While starting out as an investor in the startup space, it is important to not let FOMO come in the way of your decision-making.
It is hard to ignore the Fear-Of-Missing-Out when trending investment opportunities come your way. But angel investing, like everything else, is best-rewarded after rigorous discipline.
At Windrose Capital, we pride ourselves on being disciplined investors. In fact, paying testament to this, our investment thesis's first page has Warren Buffet’s quote “We don’t have to be smarter than the rest. We have to be more disciplined than the rest” engraved. And we make sure, we stick with it at all costs.
Being in the VC industry, we see all sorts of industry trends every now and then. One way to keep your head firmly rooted is to ensure that all the noise outside doesn’t get to you. Winning with trends might reward you once but it will not give you the consistent long-term returns that you might be after.
The fear of missing out in the investing world will often win over rational decision making. A few of the ways you can curb your enthusiasm is by:
Be Cautious: If it’s too good to be true, it probably is too good to be true. Succumbing to an opportunity without understanding its business isn’t going to benefit your capital in the long run.
Due Diligence is your best friend: A well-defined research on the basics of the business, the industry and the founders, should be a practice to be maintained at all times. Many attractive opportunities don’t appear to be so attractive after you’ve done your research and figured out that the driving numbers are hiding something.
Stick to your thesis: Your investment strategy should dictate your every move. Oftentimes, attractive opportunities may come from different industries that aren't included in the thesis. In these situations, the best bet is to figure out whether such opportunities will help you attain your financial goal in the long term. Read a quick guide to creating your own investment thesis.
Overcome your Biases: Many popular mental models talk about certain behavioural biases that may hamper our decision making. When it comes to FOMO in the investing world, it is important to recognize these biases and actively seek ways to reduce them. Few ways to do so could be discussing such opportunities with financial experts or seeking out materials that contradict their popularity. This would give you more ways to look at the deal and then you can make a well-rounded decision.

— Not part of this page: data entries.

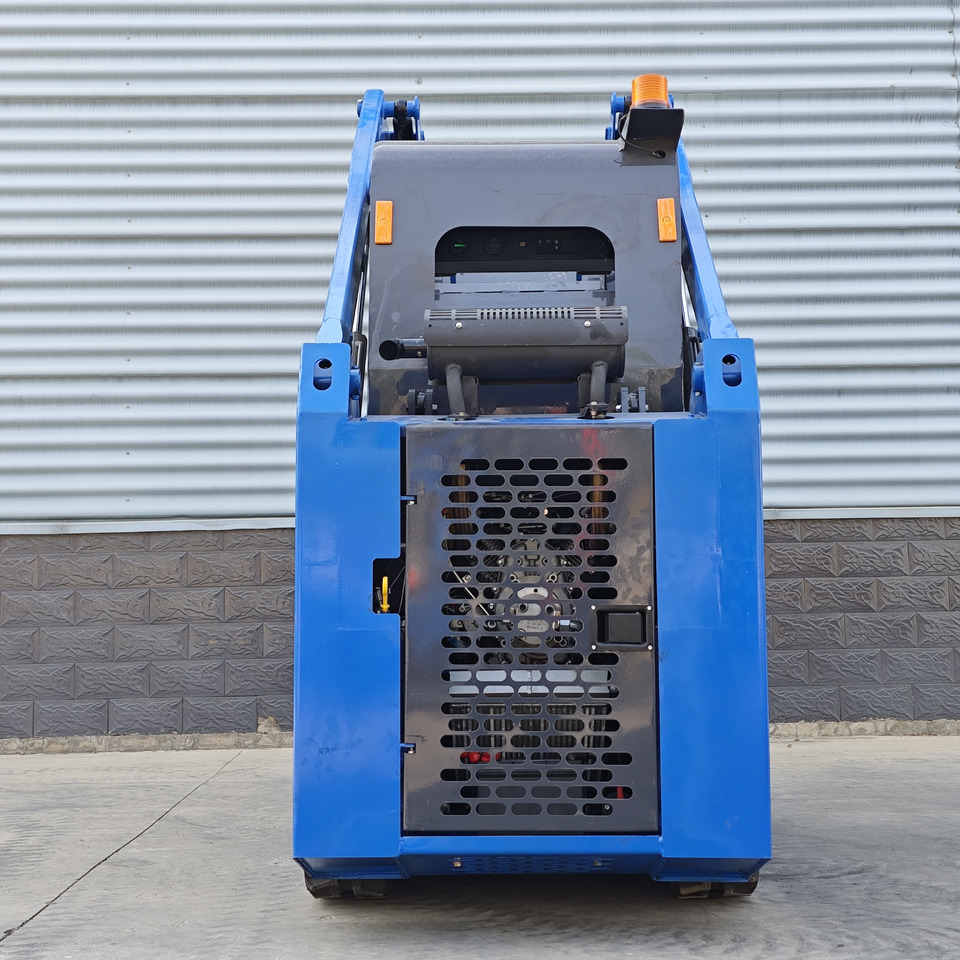 LEZUM LA670 Mini Small Skid Steer Loader Compact Track Diesel Mini Skid Steer Loader For Sale With Small Mini Skid Steer Attachments 4 In 1 Bucket - Minicargadora: foto 3 LEZUM LA670 Mini Small Skid Steer Loader Compact Track Diesel Mini Skid Steer Loader For Sale With Small Mini Skid Steer Attachments 4 In 1 Bucket - Minicargadora: foto 3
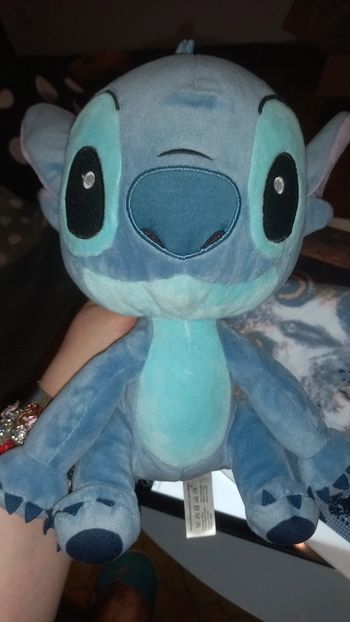 Peluche stitch neuve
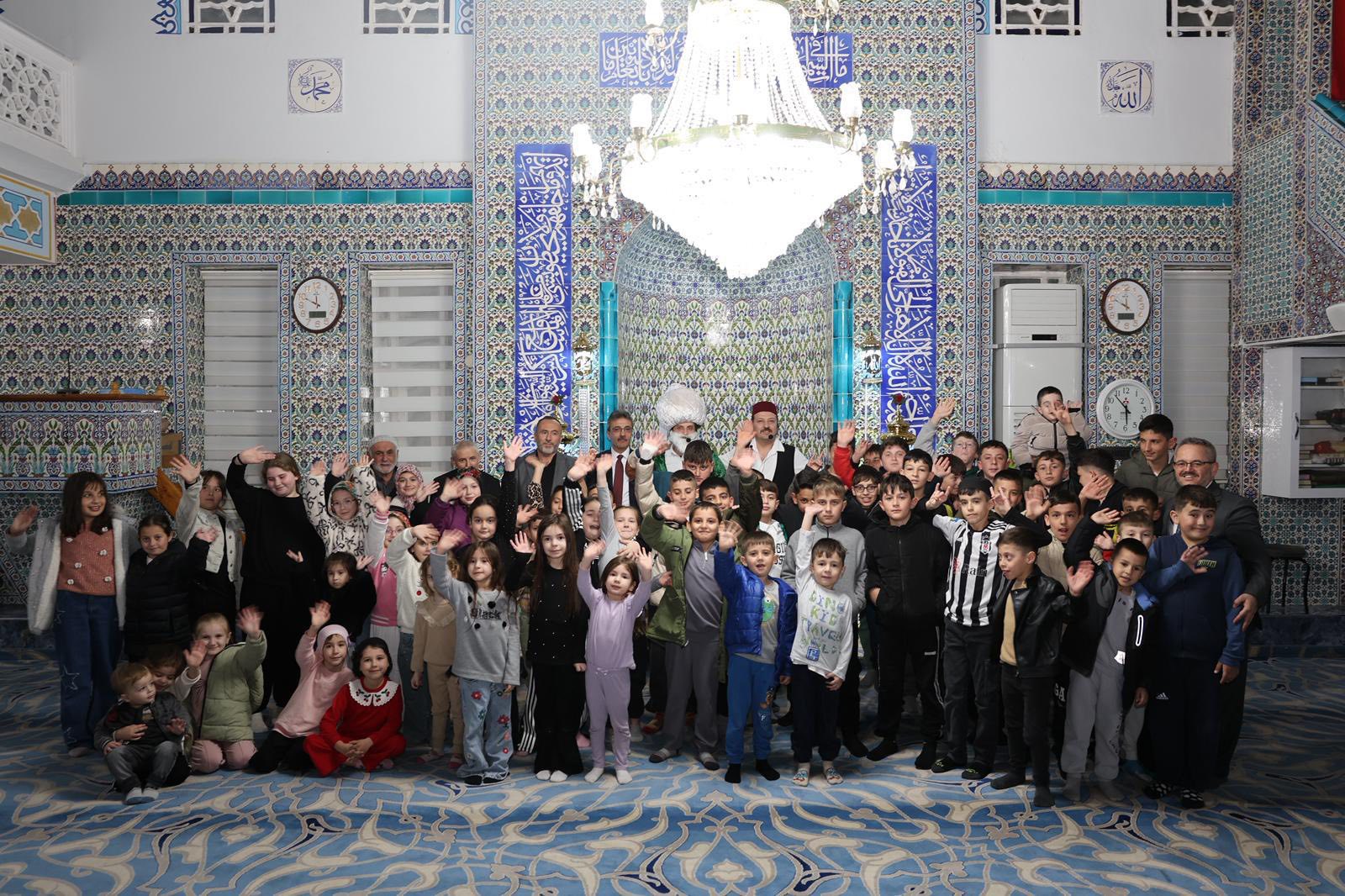 ERENLER BELEDİYESİ RAMAZAN ETKİNLİKLERİNDE ÇOCUKLAR GÖNÜLLERİNCE EĞLENDİ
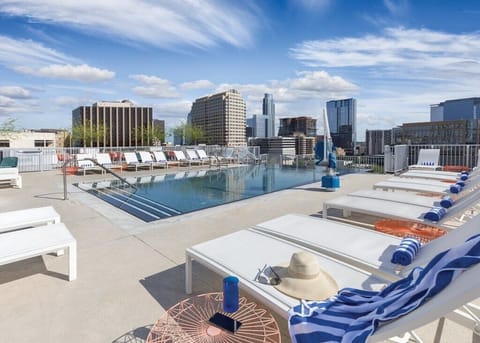 2 austin_pool_day_1_s.jpg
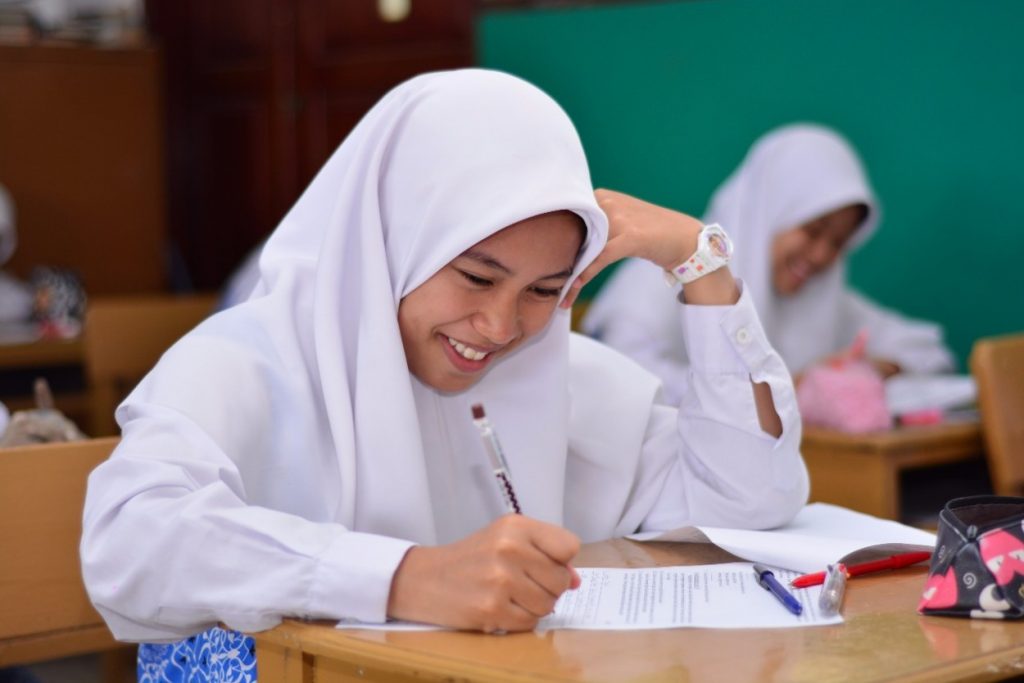 Suasana Ujian Tulis Santri Kelas 6 TMI Darunnajah Jakarta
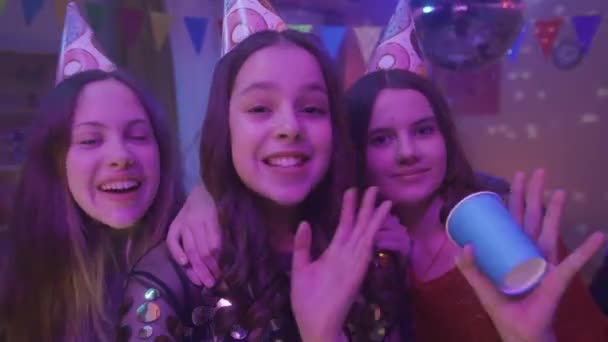 Trzy Dziewczyny Świątecznych Kapeluszach Pozują Przed Kamerą Machają Rękami Robią — Wideo stockowe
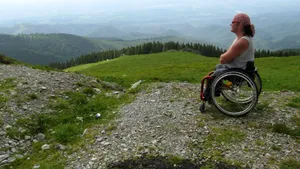 Timiş: Un bărbat în scaun cu rotile a plecat într-o expediţie la Capul Nord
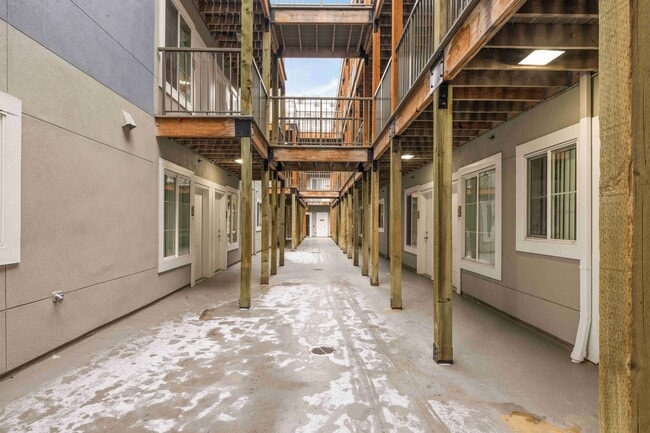 Exterior Hallway - 1601 Colorado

Financial markets are often built on hype. Hype that collapses leaving investors to grieve on their own. This is often accompanied by bad decision-making, wishful thinking and little to no due diligence.
“Trends are addictive; to remain disciplined and avoid hype is to deny our innate instincts.”
It’s human nature to follow the crowd and give in to the hype from time to time. But making a habit out of it and being irrational in decision-making, especially when the price to pay is large sums of cash, is a price too high to pay for our fear of not conforming.
This fear also prevents us from making well-thought-out and intelligent decisions for ourselves.
One way to survive both the ups and downs of the market is to have an intelligent investment strategy that is well-diversified. Such a plan ensures a steady long-term plan that is flexible and encourages high returns consistently.
Though FOMO is a new term, the basic principle of investors irrationally mimicking other investors (also known as behaviour herding) has been here for too long, with even Warren Buffet commenting on it: “be greedy when others are fearful, and fearful when others are greedy.”